Urban commons offer vital havens of greenery in our towns and cities but we can’t afford to take them for granted if they are to be safeguarded for future generations…
URBAN commons are some of the largest and most iconic green spaces in towns and cities across the UK. The London commons spring to mind, including Hampstead Heath and Wimbledon Common, but many UK cities have comparable commons that are just as highly valued, such as Town Moor in Newcastle, Mousehold Heath in Norwich, or Clifton and Durdham Downs in Bristol. These wide expanses of parklands or moors are treasured places for city-dwellers, offering space to exercise, socialise and play outdoors.
Urban commons are vital for culture, health, well-being and biodiversity. Ample scientific research has demonstrated the physical and mental health benefits of having access to nature. Indeed, it’s been estimated that providing fair access to good quality green space for every household could reduce government spending on health care by £2.1 billion per year.

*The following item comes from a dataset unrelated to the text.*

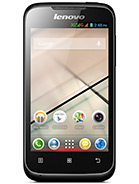 Best available price of Lenovo A369i in Pakistan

The historical associations of the commons also shape a sense of place and identity for local communities. For example, the Town Moor in Newcastle was the scene of large Chartist rallies in the 19th century, aimed at getting the vote for working-class men – as were other urban commons across England. And Mousehold Heath in Norwich is closely associated with Kett’s Rebellion in 1549, against the enclosure of common land by landowners in East Anglia.

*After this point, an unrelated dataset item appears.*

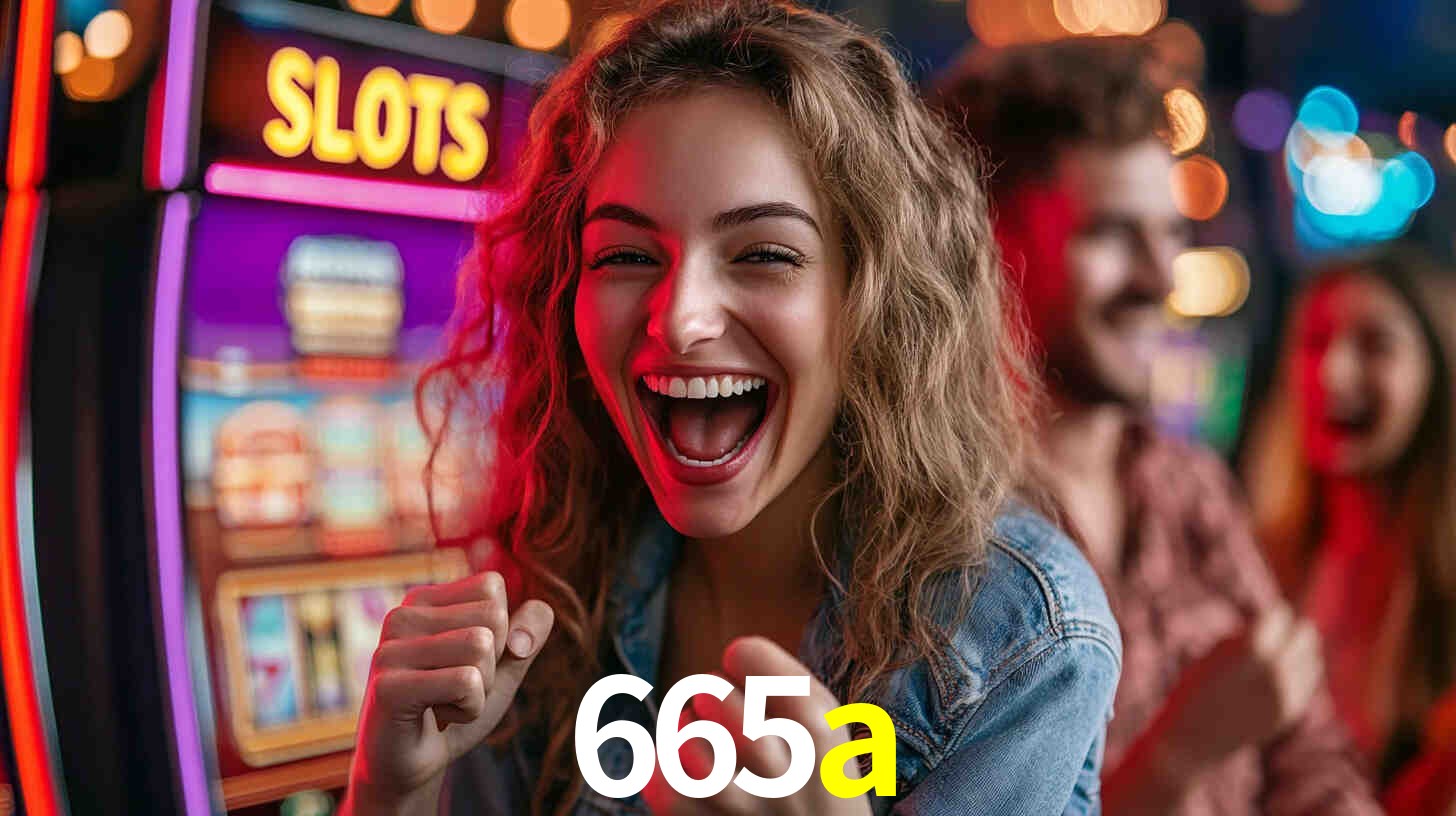 Explorando a Categoria de Eventos em Apostas na 665a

Despite these evident benefits, urban green space is under threat in an age of austerity. Selling off green space in urban areas can be a quick fix for local authorities with stretched budgets, as they struggle to maintain frontline community services. In 2018, charity Locality published research showing that, on average, 4,131 public buildings and parks are currently being sold off each year by cash-strapped councils.
There is also constant pressure on legally protected green space, with regular applications to de-register village greens and areas of common land for development. A recent example is Yateley common in Hampshire, part of which was de-registered following a planning inspector’s decision in 2019 to allow an extension of facilities at Blackbushe Airport.
Are they really common?
Urban green space comes in a variety of forms – urban commons, village greens, parks and community gardens. The term “common” evokes ideas of community ownership, control and use: “Hands off our common” is a frequent battle cry when these green spaces are threatened by development.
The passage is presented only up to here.